O trabalho desenvolvido pelo grupo Falos & Stercus abre o reino do incomensurável. Descerrando a cortina do medo, do horror, do terror, da dor e descobrindo a melancolia infinita que é incutida nos homens e mulheres do Brasil. Sou categórico, nesse contexto, ao exprimir uma concepção artística centrada no teatro, deixamos transparecer a nossa personalidade multifacetária, eclética de autores, que contribui de diversas maneiras para a reflexão e a história, não somente do teatro, como da arte em geral e da sociedade. Essa influência é evidente na composição da nossa obra. Por obra entendo trabalho, construção, consistência, produto, comunicação, estrutura.
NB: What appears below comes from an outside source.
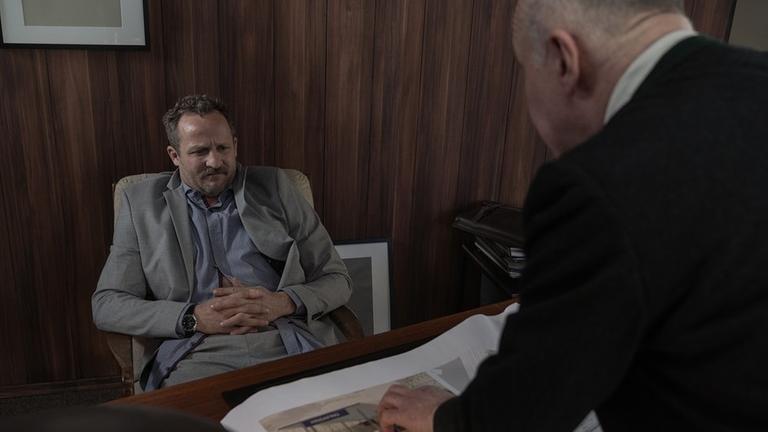 Der korrupte Politiker Zischl ist auf dem Bild hinter seinem Schreibtisch sitzend zu sehen, während er ein unmoralisches Angebot bekommt. Filmstill aus der Serie "Hindafing". Der korrupte Politiker Zischl ist auf dem Bild hinter seinem Schreibtisch sitzend zu sehen, während er ein unmoralisches Angebot bekommt. Filmstill aus der Serie "Hindafing".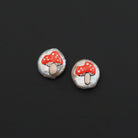 Red mushroom pendant on white pearl spacer beads, handcrafted charm from Bestbeads&Beyond, perfect for jewelry making.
Obra é a materialização de trabalho, a forma de inserção do homem no espaço de inauguração de uma nova história.

Não podemos prever como viável a conjuntura da correlação política interna dos governos. Entretanto, sua maior força reside em uma base social relativamente grande que comunga ideologicamente com o pensamento reacionário — a cidadania efetiva é de poucos.

A passividade do morto sem morte é um niilismo estratégico de uma benevolência. O esquecimento é um repouso. Uma operação afetiva silenciosa e cansada que faz emergir um implícito de um crime de estratégia mundana. O que nos cansa é procurar (sem encontrar) o nosso lugar. O fôlego é encontrar formas de enfrentar o crescimento dessas forças, mas o artista outsider tem mostrado uma capacidade de sobrevivência estupenda. A mesma capacidade que os conservadores têm de se manter no poder.
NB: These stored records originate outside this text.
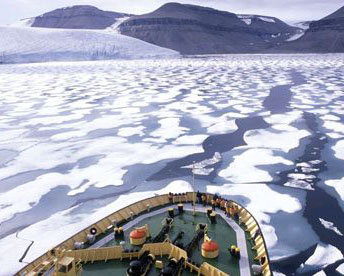 Ice breaker makes its way through Northwest Passage. The ice packs are breaking up in season with global warming.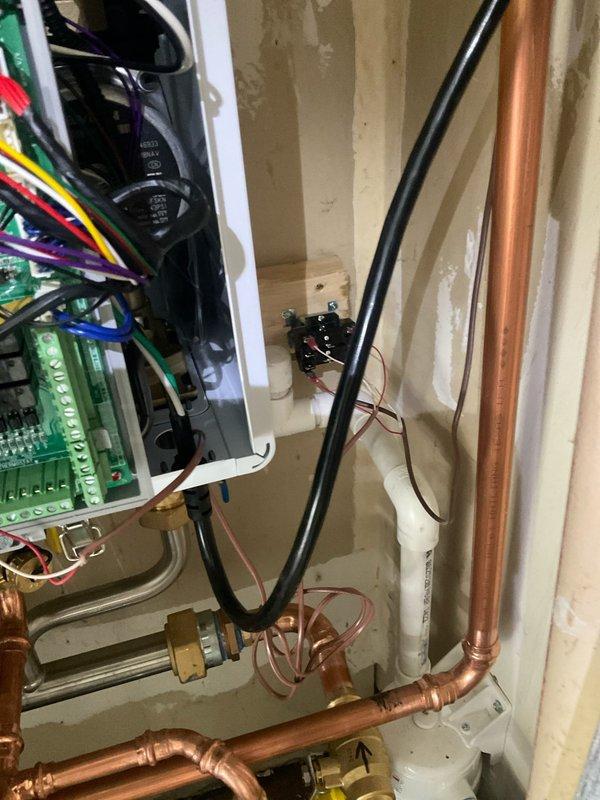 Responded to warranty callback for newly installed Navien combi boiler with continuous fan operation issue. Diagnosed and corrected improper control board wiring that original installation crew was unable to resolve with technical support. Verified all electrical connections to circuit boards, adjusted thermostat control wiring, and tested system operation to ensure proper fan cycling. System now functioning correctly with fan operating only on demand as designed.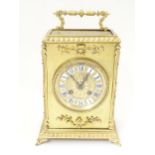 A late 19thC / early 20thC gilt brass clock with enamel numerals, the 8-day movement striking on a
Suave, hostil e tirânica sociedade de ventríloquos: abandonem certas conversações e nos proporcionem um pouco de possível, se não nós sufocamos. O pensamento jamais foi questão de teoria, de estatística, mas de vida. A trajetória da sociedade pode ser colocada por inteiro sob o signo de suas conversações. A sociedade não é uma potência. Não é uma potência porque têm grandes batalhas interiores risíveis (idealismo-realismo-reacionarismo, etc.). Não sendo uma potência, a sociedade não pode empreender uma batalha contra as potências (as religiões, os Estados, os partidos, o capitalismo, a ciência, o direito, a opinião publica, etc.). Não pode falar com elas, nada têm a lhes dizer, nada a comunicar. Os resultados são a miséria e o espólio.
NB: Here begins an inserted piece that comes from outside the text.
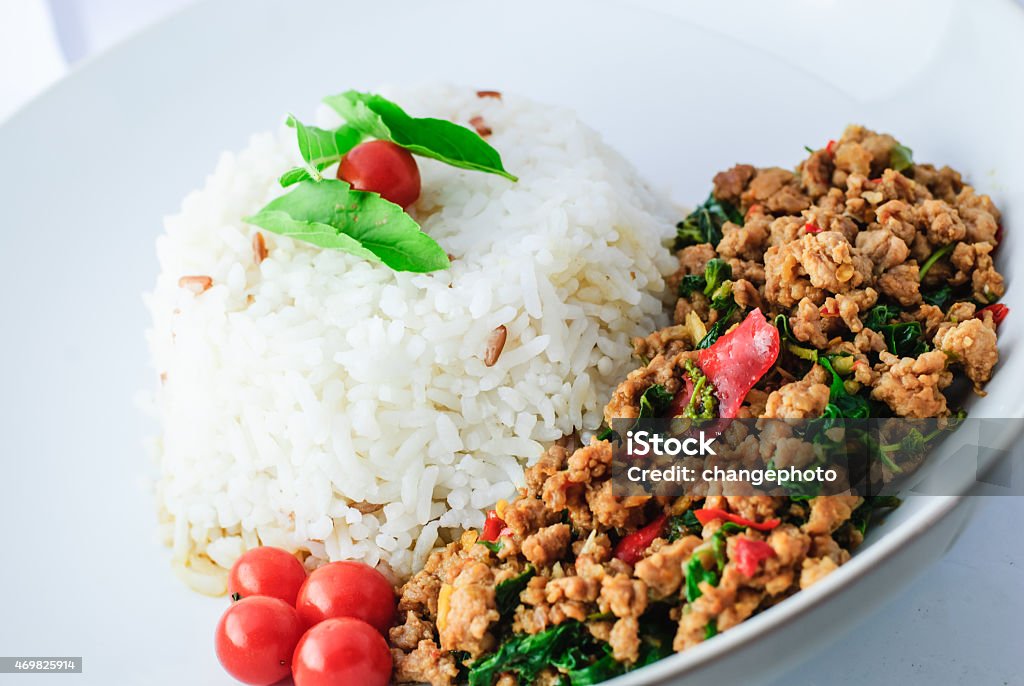 Rice Topped With Stir-fried Pork And Basil Rice Topped With Stir-fried Pork And Basil in white plate 2015 Stock Photo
A verdade é que se convive com desigualdades econômicas, sociais e culturais que não poderíamos aceitar como viável num regime democrático. Somente a confrontação transparente com os poderes corporativos, causas reais da deterioração humana, pode pôr um ponto final a esta lógica genocída e reconciliar uma sociedade civil desmoralizada. Se não, ventríloquos, continuem de joelhos!